The largest share of UK insolvencies continued to be from the Ex-Council Community classification, typically individuals living on council estates where a large number of residents have exercised their right to buy.

This group made up 9.26% cent of the UK adult population and they accounted for 14.6% of all insolvencies, a rise of 23bps compared to the same quarter last year.

Young professionals experienced the biggest drop in their share of personal insolvencies in the past 12 months.

The New Homemakers group, typically young professionals who have recently bought a new home, saw its proportion of insolvencies decrease by 41bps to 5.39% in Q1 2012.

The Liberal Opinions group consisting of young, professional and well educated people also experienced a fall in its share of insolvencies, from 5.76% in Q1 2011 to 5.38% in Q1 2012.

Experian revealed that while the total number of individuals being declared insolvent had fallen across the country, some pockets of the UK continued to struggle.

St Albans saw the biggest increase of 31% with five in every 10,000 households encountering insolvency in Q1 2012, compared to four in every 10,000 households this time last year.
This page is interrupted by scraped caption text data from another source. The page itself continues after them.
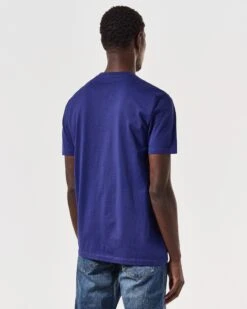 Weekend Offender Kea Pocket T-Shirt Bright Navy 9 Weekend Offender Kea Pocket T-Shirt Bright Navy -Clothing Shop TSSS2408 KEA BRIGHT NAVY 6723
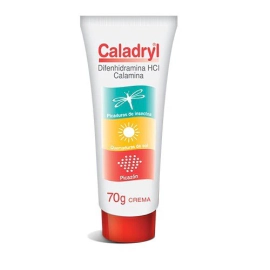 Caladryl Crema X 70g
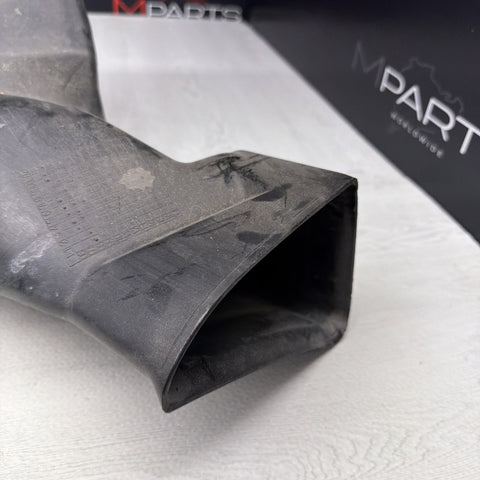 BMW E90 E92 E93 M3 08-13 Front Left Intake Box Air Duct Guide OEM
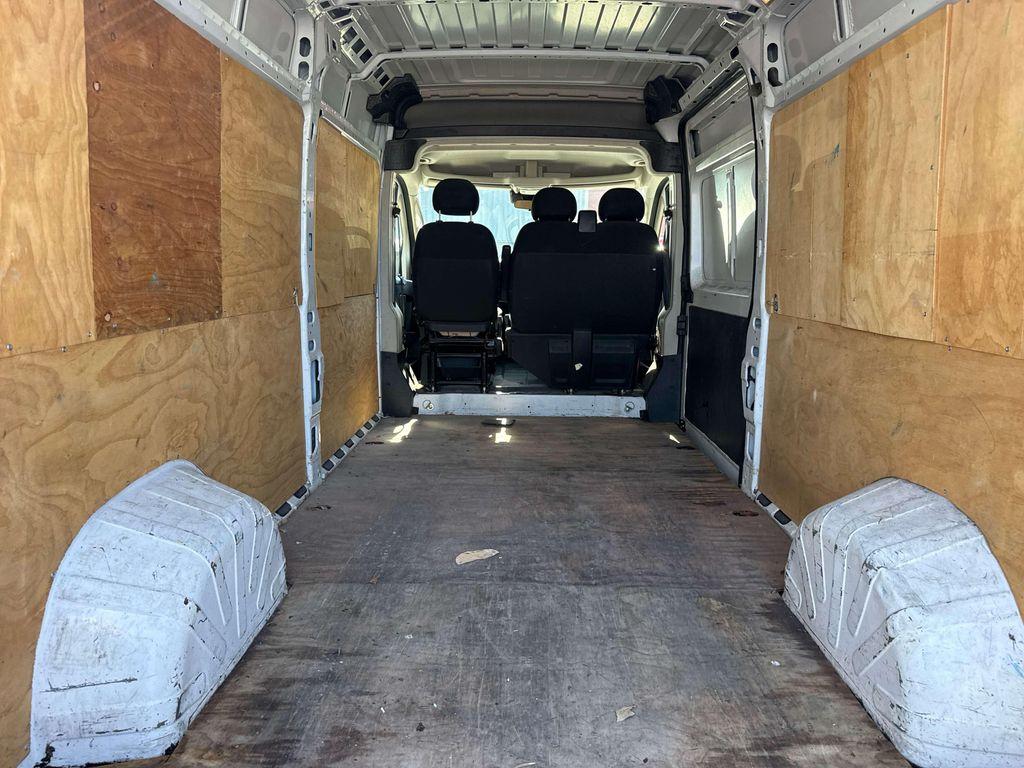 used 2022 Ram ProMaster 2500 car, priced at $26,575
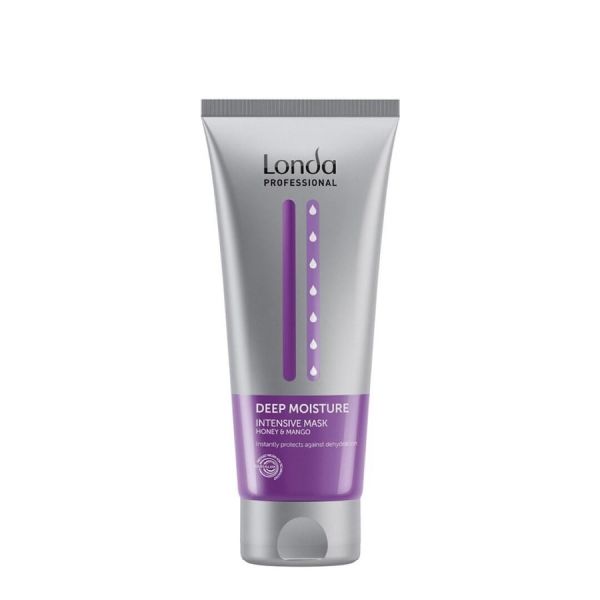  Londa Professional   Mascarilla Intensiva De Hidratación Profunda Mascarillas Hidratantes 200 Ml Unisex 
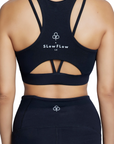 V-Neck Sports Bra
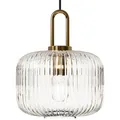 Lampe suspendue en verre lampe suspendue japonaise Design déco nordique Led luminaires suspendus chambre Luminaire moderne lampe à Suspension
Birmingham Central and Skipton also saw rising levels of personal insolvencies, up by 21% and 20% respectively.

Poole, the large coastal town of Dorset recorded the UK’s biggest drop in insolvencies, with just three people in every 10,000 households being declared insolvent, 69% less than Q1 2011.

London remained one of the least affected regions with four in every 10,000 households experiencing insolvency in Q1 2012, compared to six in every 10,000 in Q1 2011.

Simon Waller, head of customer management and collections for Experian UK and Ireland, said: “Although it’s positive news that personal insolvency levels are continuing to fall in the UK overall, it is clear that this positivity is not being felt uniformly across the country.

“Understanding that an individual’s circumstances as well as their environment can impact their ability to meet their credit commitments is critical for when assessing portfolios.

“By using data and analytics to identify the specific needs and characteristics of customers, lenders can better identify those that are genuinely struggling to service their household bills and credit commitments so they can treat them sensitively and according to their individual circumstances.”